→ **Material for this task**
────────────────

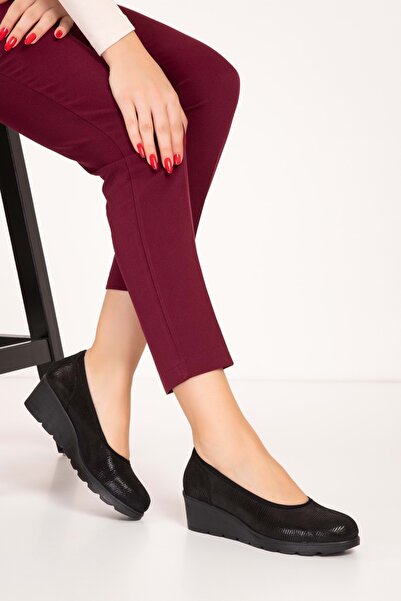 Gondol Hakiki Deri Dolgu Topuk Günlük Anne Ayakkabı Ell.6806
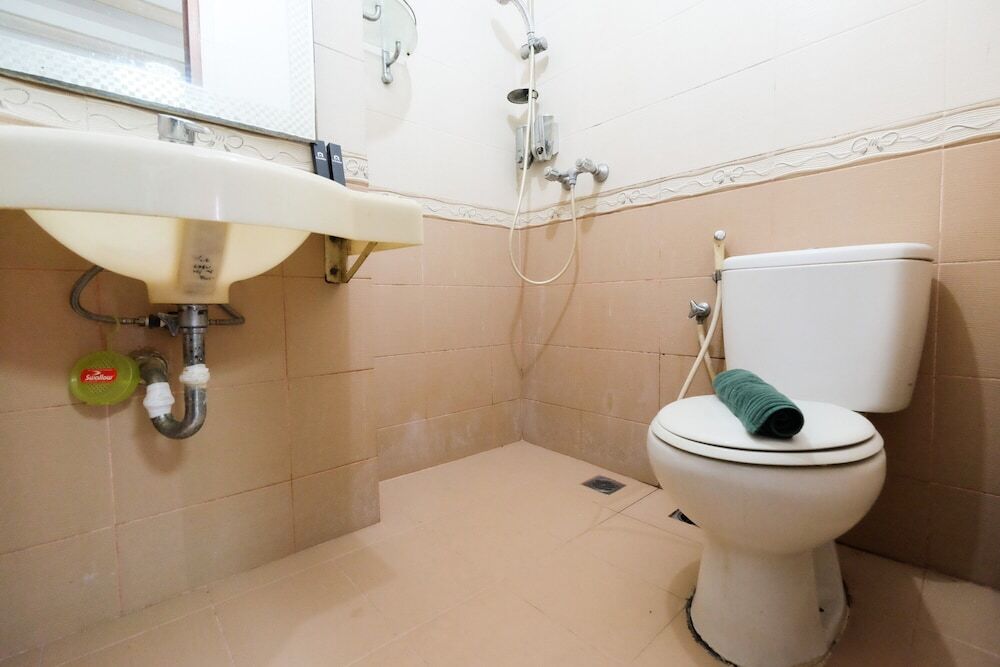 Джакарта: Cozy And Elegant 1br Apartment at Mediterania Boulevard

────────────────

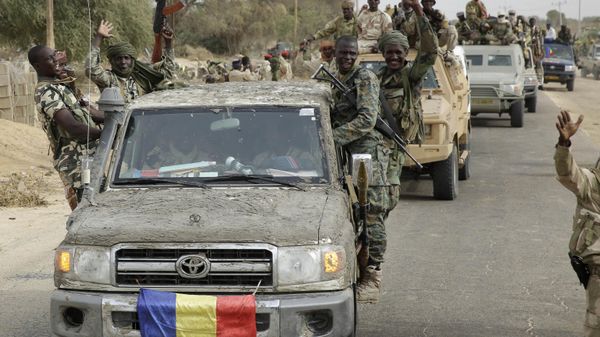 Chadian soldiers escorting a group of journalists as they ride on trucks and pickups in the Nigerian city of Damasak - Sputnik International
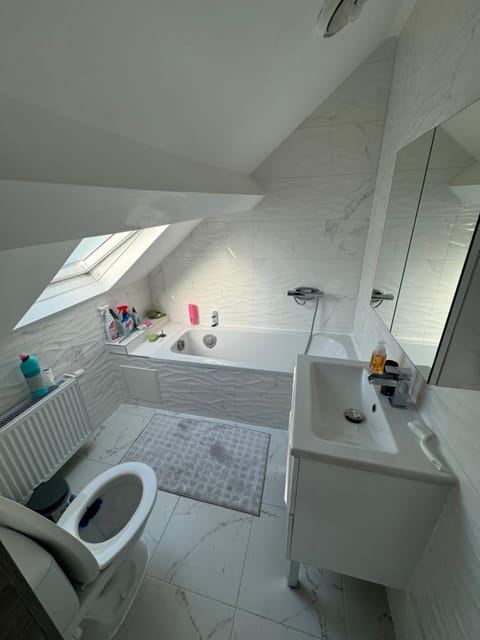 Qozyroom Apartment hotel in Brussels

────────────────

I would like the exact lines from the data above, starting with the one that holds "Chadian soldiers escorting" and going on through the one that holds "Qozyroom Apartment hotel in Brussels", without the pictures.

 Chadian soldiers escorting a group of journalists as they ride on trucks and pickups in the Nigerian city of Damasak - Sputnik International
 Qozyroom Apartment hotel in Brussels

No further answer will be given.